Does creativity make human intelligence special?
It may appear so at first glance. Though machines can calculate, analyze, and even perceive, creativity may seem far out of reach. Perhaps this is because we find it mysterious, even in ourselves. How can the output of a machine be anything more than that which is determined by its programmers?
Increasingly, however, artificial intelligence is moving into creativity’s hallowed domain, from art to industry. And though much is already possible, the future is sure to bring ever more creative machines.
What Is Machine Creativity?
Robotic art is just one example of machine creativity, a rapidly growing sub-field that sits somewhere between the study of artificial intelligence and human psychology.
The winning paintings from the 2017 Robot Art Competition are strikingly reminiscent of those showcased each spring at university exhibitions for graduating art students. Like the works produced by skilled artists, the compositions dreamed up by the competition’s robotic painters are aesthetically ambitious. One robot-made painting features a man’s bearded face gazing intently out from the canvas, his eyes locking with the viewer’s. Another abstract painting, “inspired” by data from EEG signals, visually depicts the human emotion of misery with jagged, gloomy stripes of black and purple.
More broadly, a creative machine is software (sometimes encased in a robotic body) that synthesizes inputs to generate new and valuable ideas, solutions to complex scientific problems, or original works of art. In a process similar to that followed by a human artist or scientist, a creative machine begins its work by framing a problem. Next, its software specifies the requirements the solution should have before generating “answers” in the form of original designs, patterns, or some other form of output.
Although the notion of machine creativity sounds a bit like science fiction, the basic concept is one that has been slowly developing for decades.
Nearly 50 years ago while a high school student, inventor and futurist Ray Kurzweil created software that could analyze the patterns in musical compositions and then compose new melodies in a similar style.
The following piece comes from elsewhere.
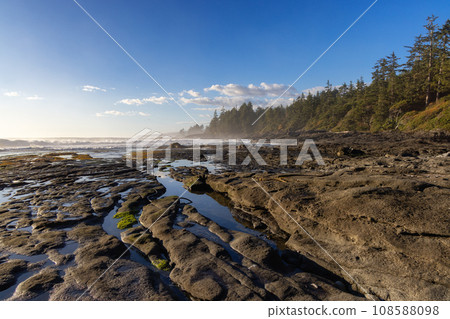 Rocky Shore on the Pacific Ocean Coast. Sunny Sunset. Nature Background Rocky Shore on the Pacific Ocean Coast. Sunny Sunset. Nature Background 108588098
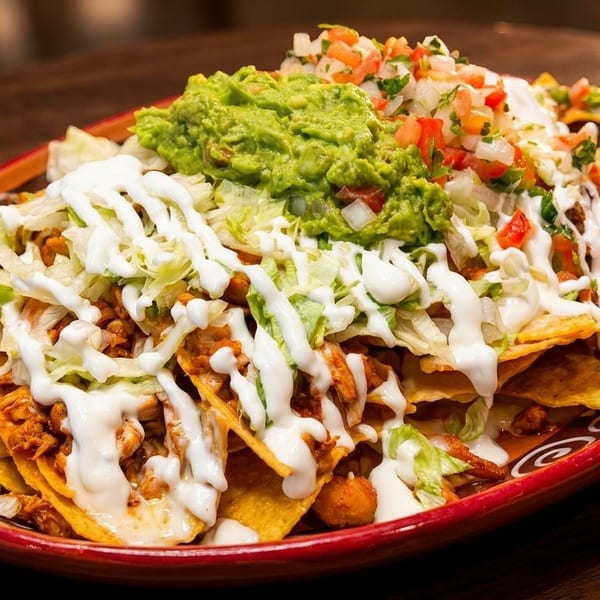 A vibrant plate of loaded nachos with chicken, guacamole, pico de gallo, and sour cream.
Aaron, one of the world’s most famous painting robots, has been hard at work since the 1970s.
Industrial designers have used an automated, algorithm-driven process for decades to design computer chips (or machine parts) whose layout (or form) is optimized for a particular function or environment. Emily Howell, a computer program created by David Cope, writes original works in the style of classical composers, some of which have been performed by human orchestras to live audiences.
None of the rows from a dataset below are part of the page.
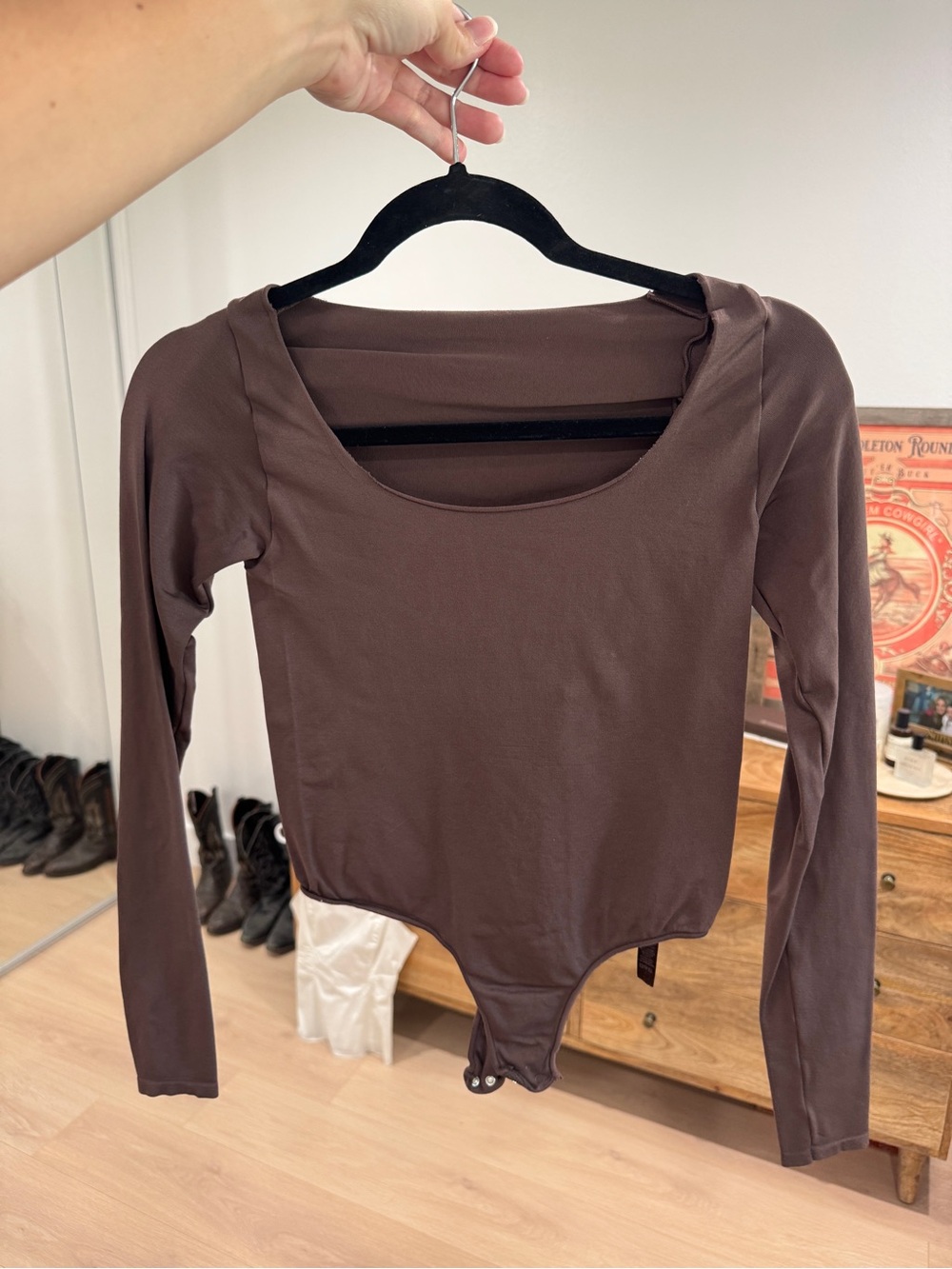 Skims Long Sleeve Scoop Neck Bodysuit in Brown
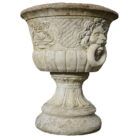 One of a pair of lions head urns in composite stone stone, showing a fine patina of weathered surfaces and spots of lichen.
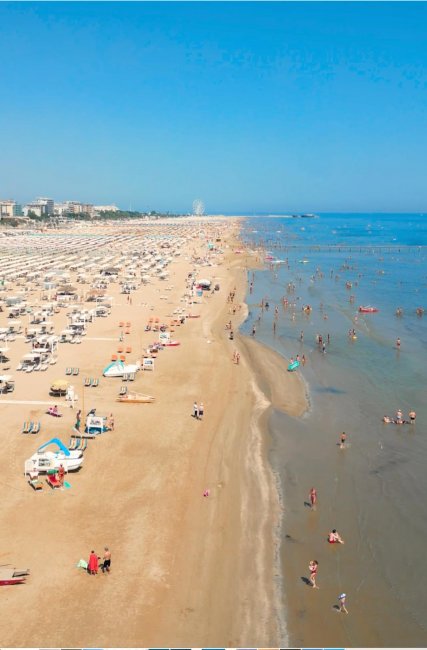 Vista aerea di una spiaggia affollata di bagnanti.
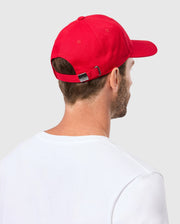 Wearing Psycho Bunny's MENS CLASSIC BASEBALL CAP - B6A816A1HT in red, with its adjustable strap and embroidered bunny logo, pairs perfectly with a white T-shirt. They are turned away from the camera against a gray background, showcasing the cap's six-panel cotton twill.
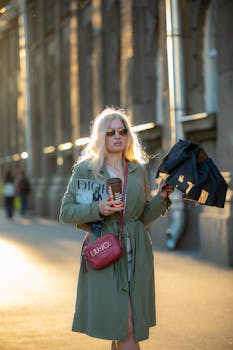 Fashionable woman with umbrella and coffee walking in urban area at sunset.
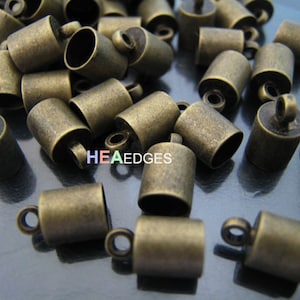 Fynd - 10 st. ändhylsor i antikmässing med ögla för runda lädertrådar 10 mm x 6 mm (innerdiameter 5 mm)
What’s different about today’s new and emerging generation of robotic artists, scientists, composers, authors, and product designers is their ubiquity and power.
“The recent explosion of artificial creativity has been enabled by the rapid maturation of the same exponential technologies that have already re-drawn our daily lives.”
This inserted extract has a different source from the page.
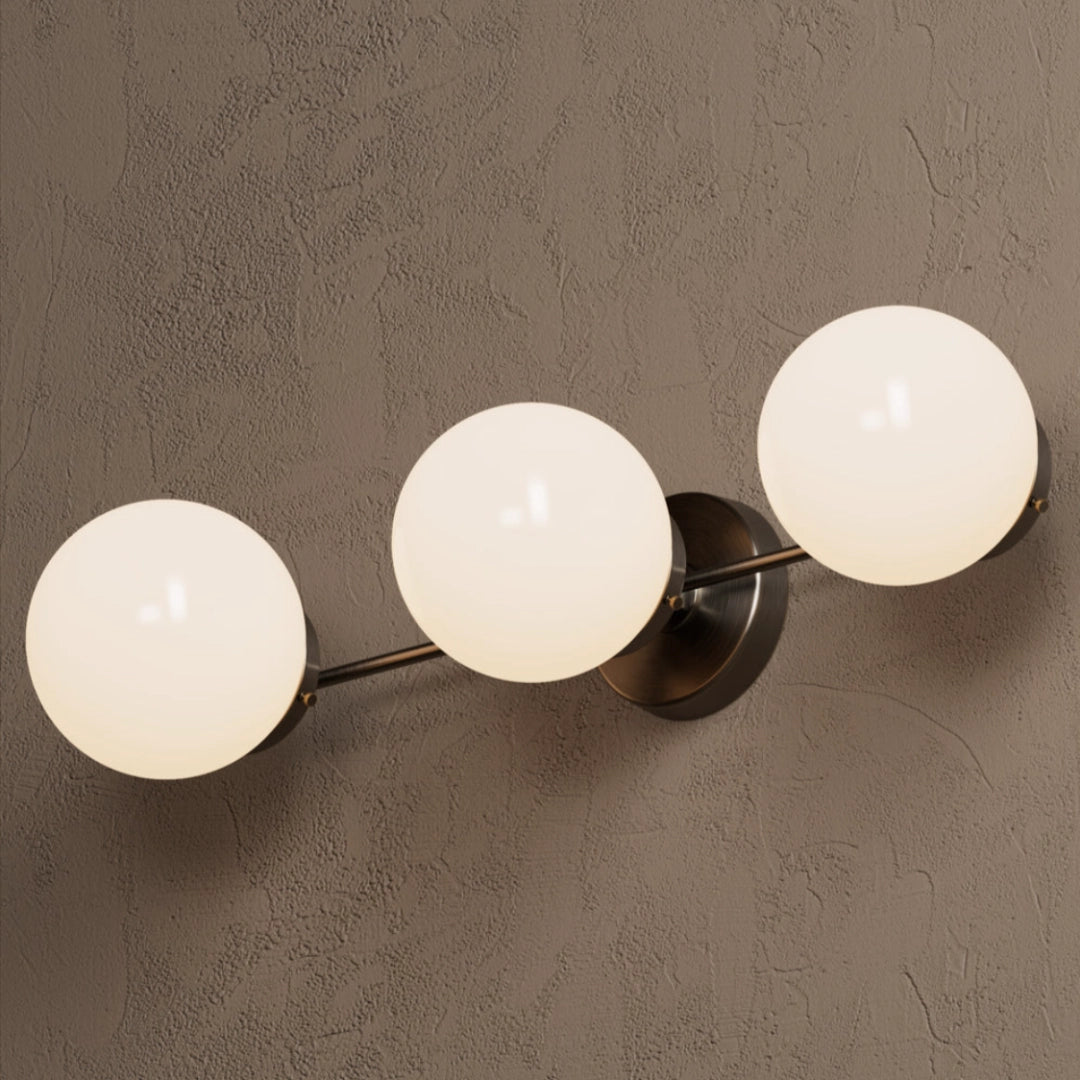 Applique da parete moderno in vetro colorato globo Nina25.webp__PID:d815861e-20b1-4014-8e3e-d7dcf4b3d47a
I’ve already mentioned the rapidly advancing fields of robotic art and music. In the realm of scientific research, so-called “robotic scientists” such as Eureqa and Adam and Eve develop new scientific hypotheses; their “insights” have contributed to breakthroughs that are cited by hundreds of academic research papers. In the medical industry, creative machines are hard at work creating chemical compounds for new pharmaceuticals. After it read over seven million words of 20th century English poetry, a neural network developed by researcher Jack Hopkins learned to write passable poetry in a number of different styles and meters.
The recent explosion of artificial creativity has been enabled by the rapid maturation of the same exponential technologies that have already re-drawn our daily lives, including faster processors, ubiquitous sensors and wireless networks, and better algorithms.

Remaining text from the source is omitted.